Il 27 febbraio del 1969, il presidente degli Stati Uniti Richard Nixon venne a Roma in visita ufficiale. La città universitaria fu stretta d’assedio da carabinieri e poliziotti. Gli automezzi con gli idranti ci innaffiavano per disperderci. Non riuscirono ad entrare. Furono ore molto concitate. Ho ricordi a strappi. Mi vedo riempire di benzina le bottiglie di Coca-Cola e di birra, stringere uno straccio intorno al collo e passarle per il lancio a EnzoMaria, che era molto più forte di me. Le cariche di “alleggerimento” dei carabinieri avevano poco successo. Riuscivamo ogni volta a ricompattarci. Si aprì anche un dibattito volante tra chi sosteneva che le bandoliere con le giberne ottonate, che i carabinieri usavano come fruste, facessero più male dei manganelli dei celerini e chi spiegava che il manganello arrivava sempre a segno mentre la bandoliera era facile da schivare.

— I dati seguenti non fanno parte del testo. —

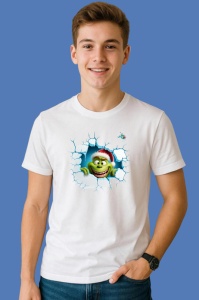 Tricou Grinch Cu Fundal Albastru Si Zambet Mare Craciun, din bumbac 100% Copii | Dama | Barbat
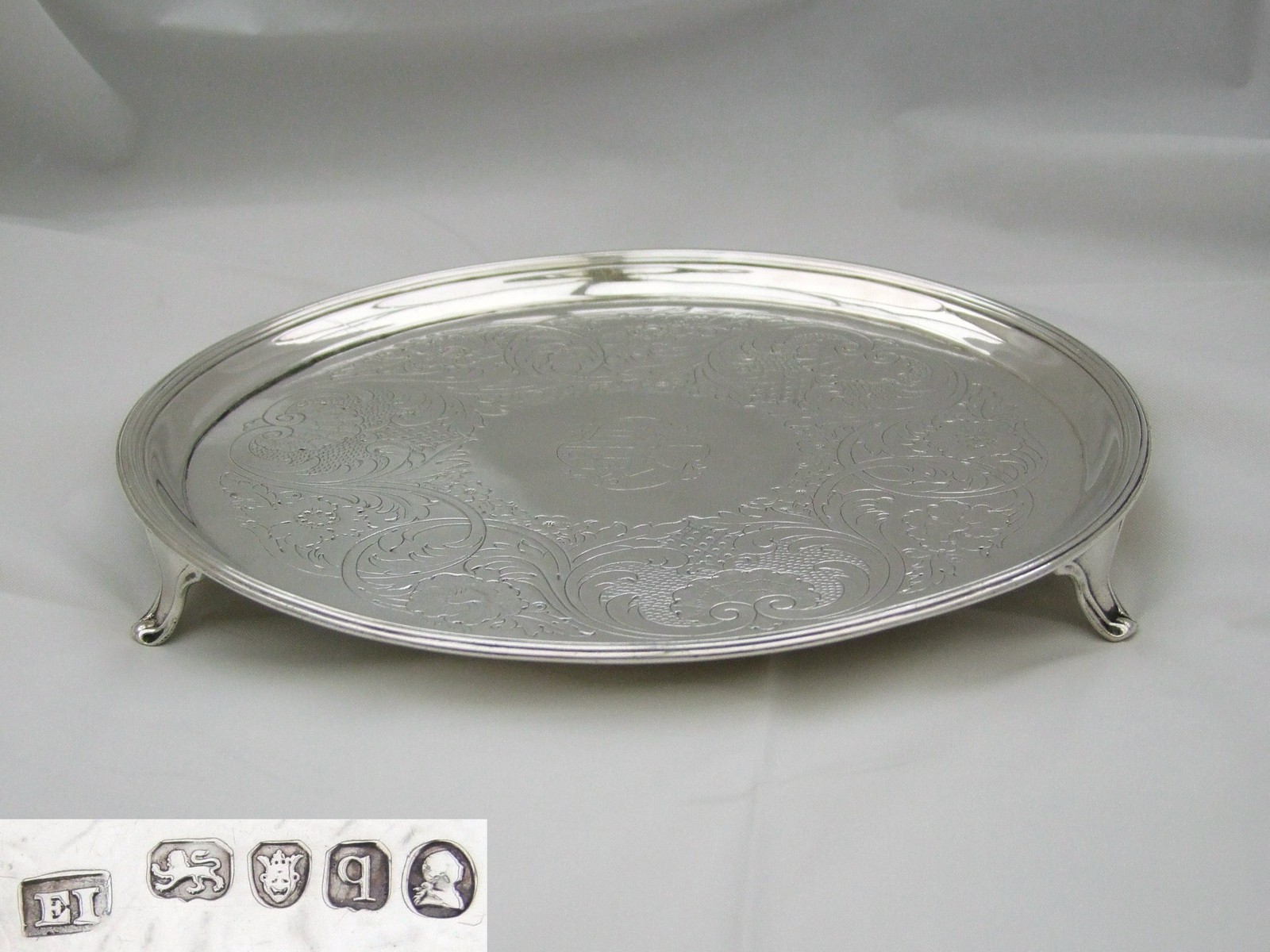 RARE GEORGE III HM STERLING SILVER 3 FOOTED SALVER 1791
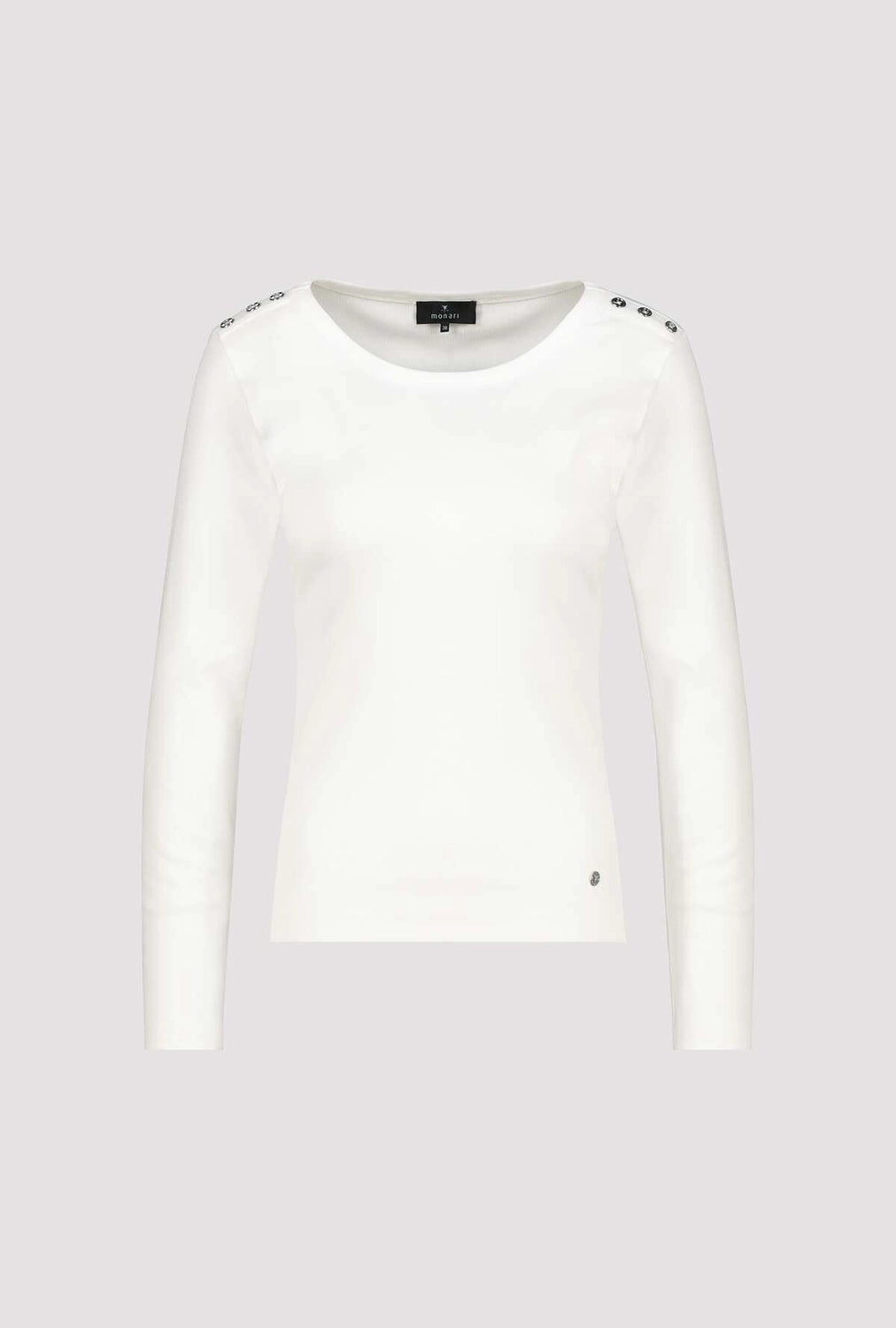 MONARI | LONG-SLEEVE SHIRT WITH BUTTON PLACKET - OFF-WHITE 410104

In serata, sfilammo in corteo per Via Veneto, dove c’era e c’è l’Ambasciata Usa. Eravamo tutti insieme senza badare alle etichette, ma noi decidemmo di lanciare i nostri slogan e perciò ci dividemmo in tre gruppetti distribuiti in testa, al centro e in coda al corteo. Quando dalla coda, cominciammo a strillare “Palestina libera”, un compagno mi chiese cosa c’entrasse Palestrina. E così scoprii che temi per noi ovvi, agli altri erano poco familiari.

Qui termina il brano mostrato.